In his talk, Hofman discussed points he and co-authors made in a 2021 paper in Nature on computational social science and how they can also be applied to machine learning-based scientific research. The paper, “Integrating explanation and prediction in computational social science,” addresses different research approaches in social science and computer science, namely how social scientists often create explanations of human behavior, “often invoking causal mechanisms derived from substantive theory.” This is an “explain culture” that traditionally emphasizes causal effects. Computer scientists are interested in creating accurate predictive models - “a predictive culture” that traditionally emphasizes “predictive performance,” Hofman said.

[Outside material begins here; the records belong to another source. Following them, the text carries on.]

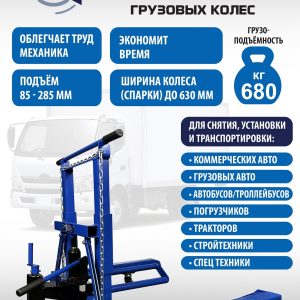 ES-0907 Тележка для снятия колес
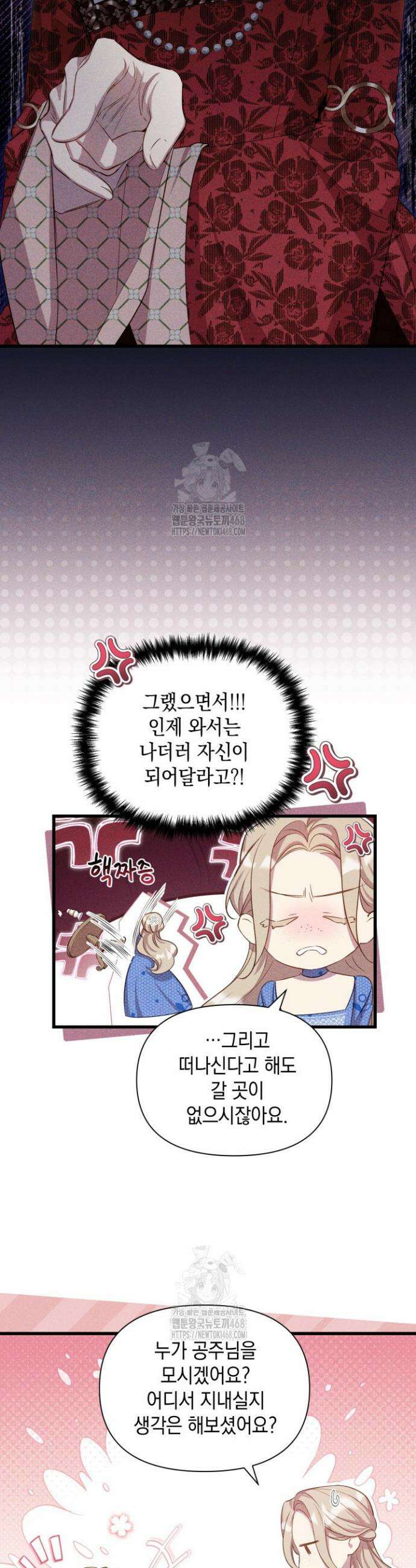 릴리 부슈의 사기 결혼 [19세 완전판] 2화 7
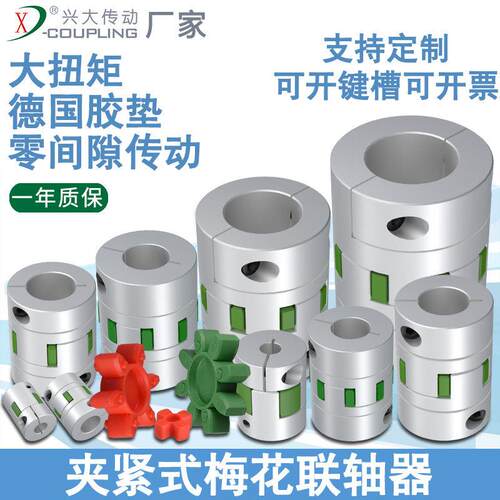 兴大CFC铝合金步进马达梅花型弹性联轴器大扭矩星型梅花连轴器小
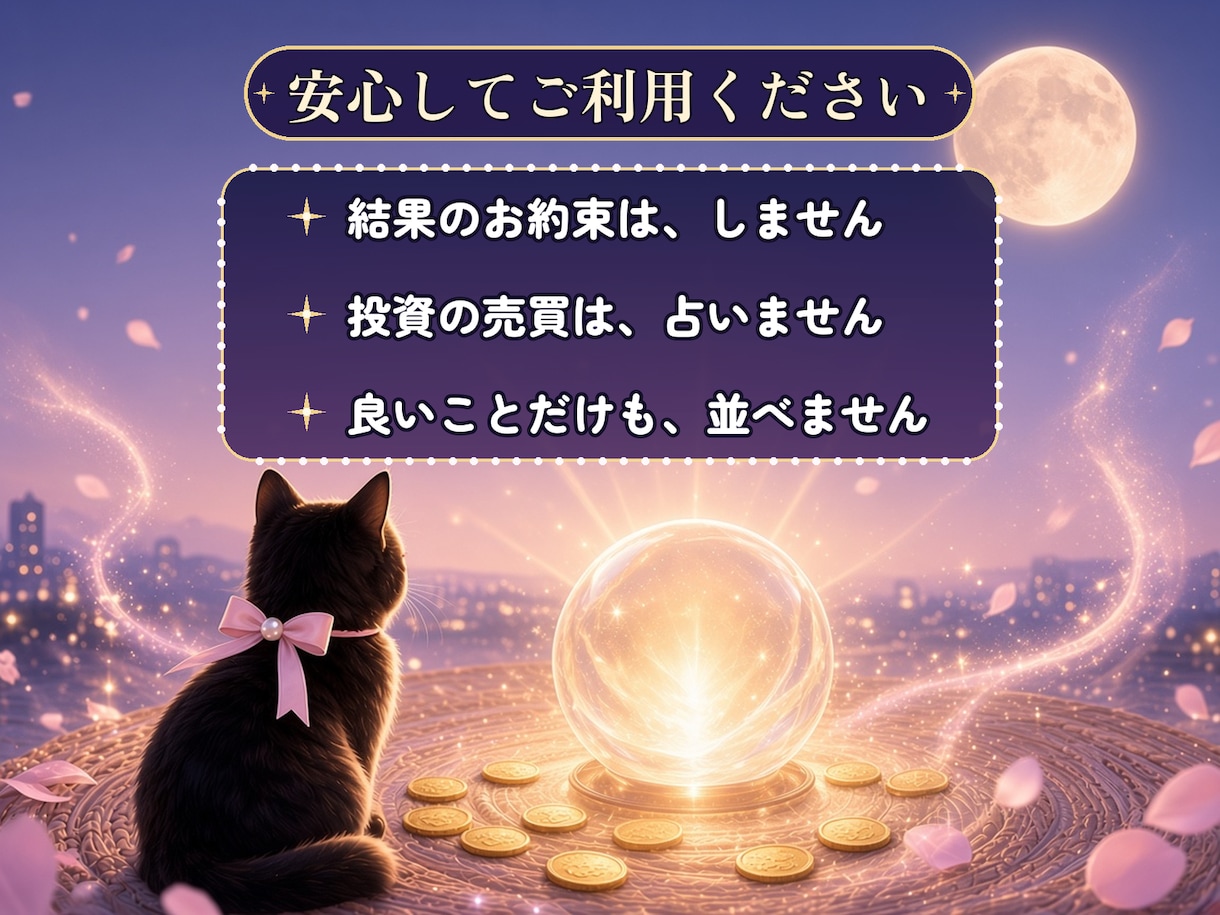 金運｜お金の不安を霊視タロットで軽くします お金のモヤモヤ、流れを知ると心が軽くなります イメージ6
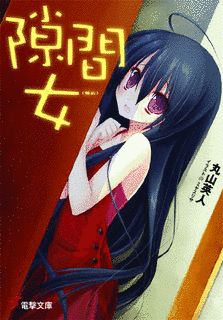 隙間女(幅広)の画像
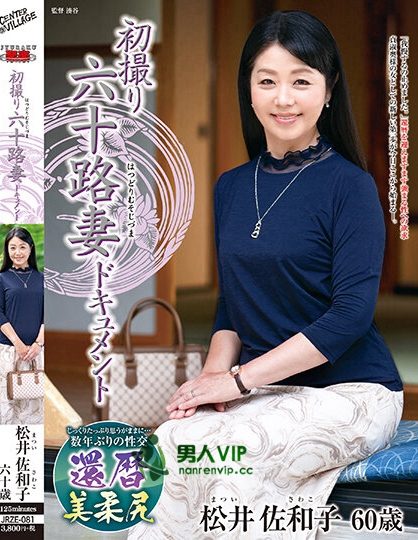 初撮り六十路妻ドキュメント 松井佐和子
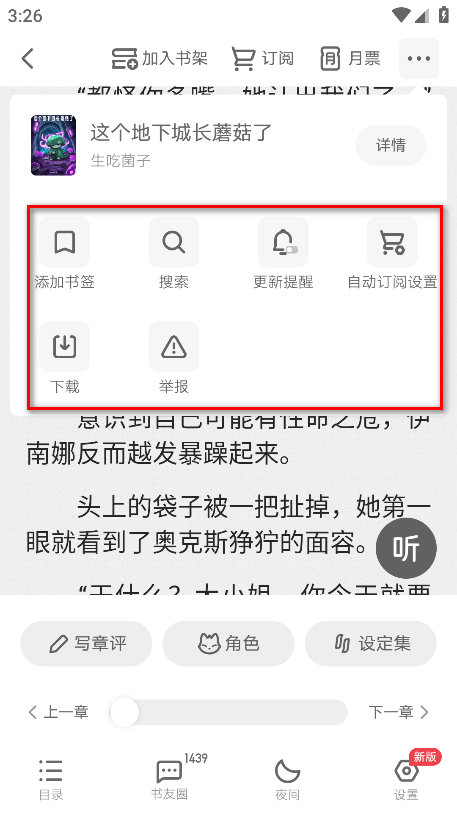 起点读书国际版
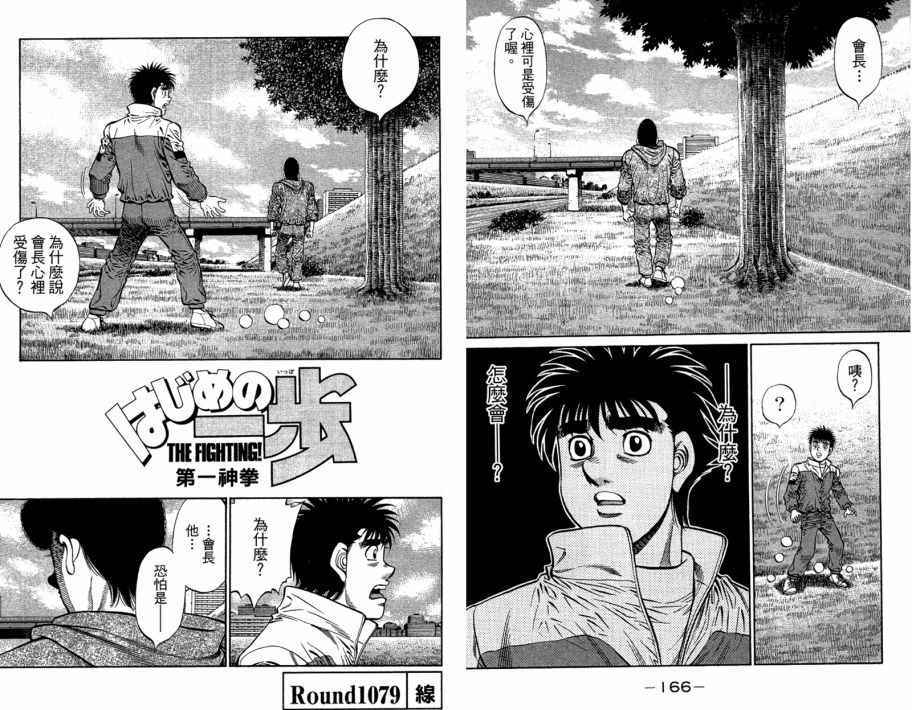 第 85 页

He showed two examples of the pitfalls of both explain and predictive culture. On the dangers of explain culture, Hofman pointed to an influential 2003 study that argued several economic factors lead to civil wars and not ethnic and religious strife, but after further examining the data, a later study in 2010 concluded that the findings were not accurate. On the negatives of predictive culture, Hofman brought up Google's Flu Trends, which famously failed in predicting the trajectory of the flu in 2013.  

Hofman and his fellow researchers addressed how these two approaches or cultures can complement each other and then be woven into an “integrative model.” In his talk, Hofman said machine learning-based research can draw lessons from that paper by integrating both cultures, using them to critique or check conclusions. This approach should lead to more replicable science, he said. 

“Reproducibility is this cornerstone,” said Hofman. “If we don’t have individual results that are credible, then it’s hard to go anywhere. We want individual results to hold up and become cumulative and build on each other.”